The election signals an end to one of the most turbulent periods in FIFA’s 98-year history, but the fact that Blatter, a 66-year-old former Swiss Army colonel, sportswriter and public relations executive, has held onto the position he won four years ago will not make the problems disappear.

Scandal and rumors of scandal have surrounded FIFA for more than three decades.

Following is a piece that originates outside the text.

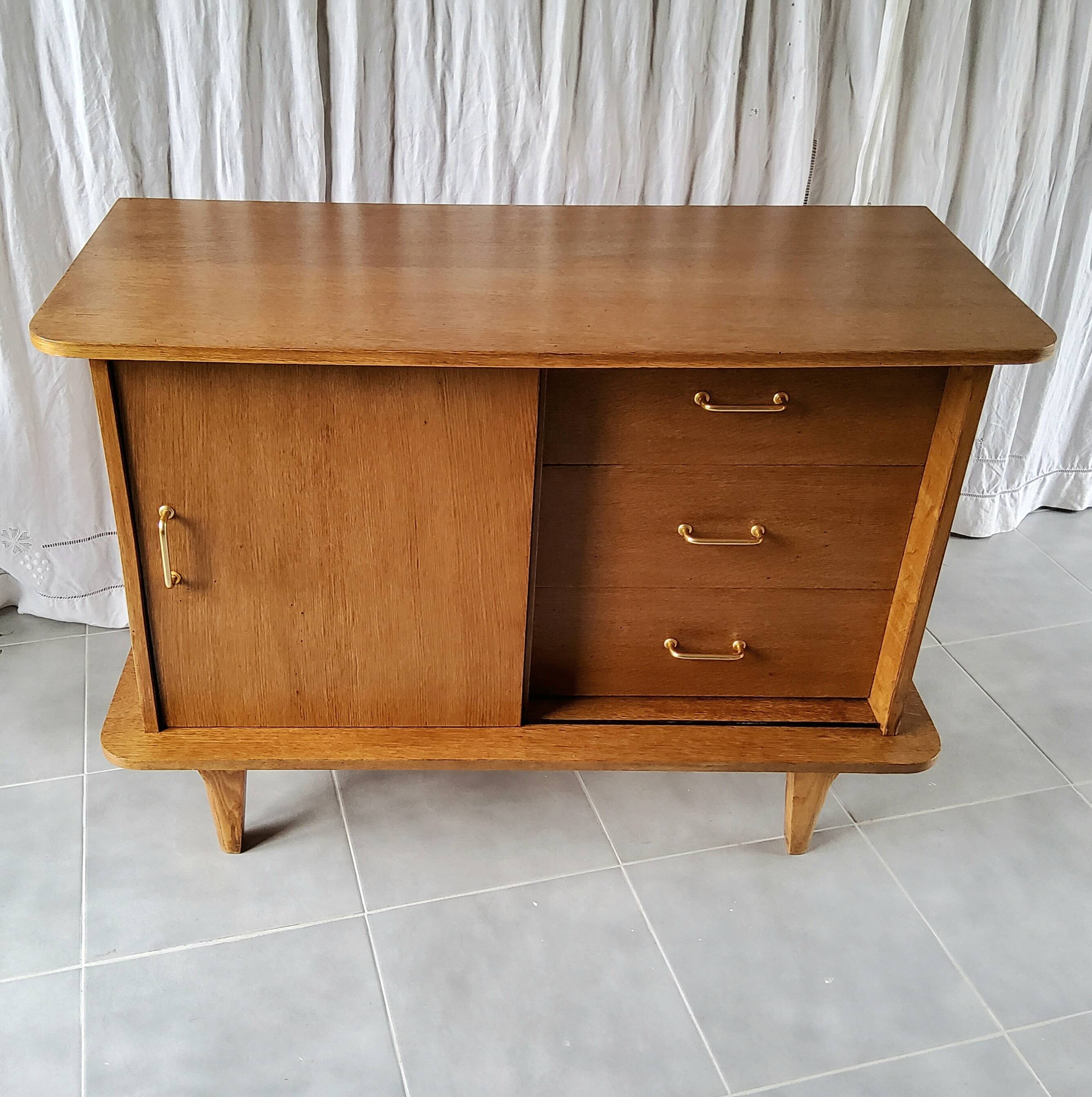 60s sideboard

Brazilian Joao Havelange, Blatter’s predecessor and mentor and the man who ruled FIFA for 24 years as if it were his personal fiefdom, hovered around the fringes of the election like the ghost of Christmas past.

When it was all over, the 88-year-old Havelange was one of a parade of figures, including longtime allies Julio Grondona of Argentina and Chuck Blazer of the United States, who embraced Blatter and congratulated him on surviving the verbal knife-fight that had preceded the election.

At issue has been the state of FIFA’s finances, and whether Blatter has mortgaged the future of the organization by borrowing from anticipated income from the 2006 World Cup in Germany to meet the bills of today.

“Robbing Peter to pay Paul,” is how the president of Ireland’s soccer federation put it.

Opponents, especially FIFA vice presidents Lennart Johansson of Sweden and Chung Mong-joon of South Korea, claimed FIFA is hundreds of millions of dollars in debt, and also suggested that Blatter had used FIFA development programs and the $250,000 it annually gives to each of its 204 member nations as a way of buying votes.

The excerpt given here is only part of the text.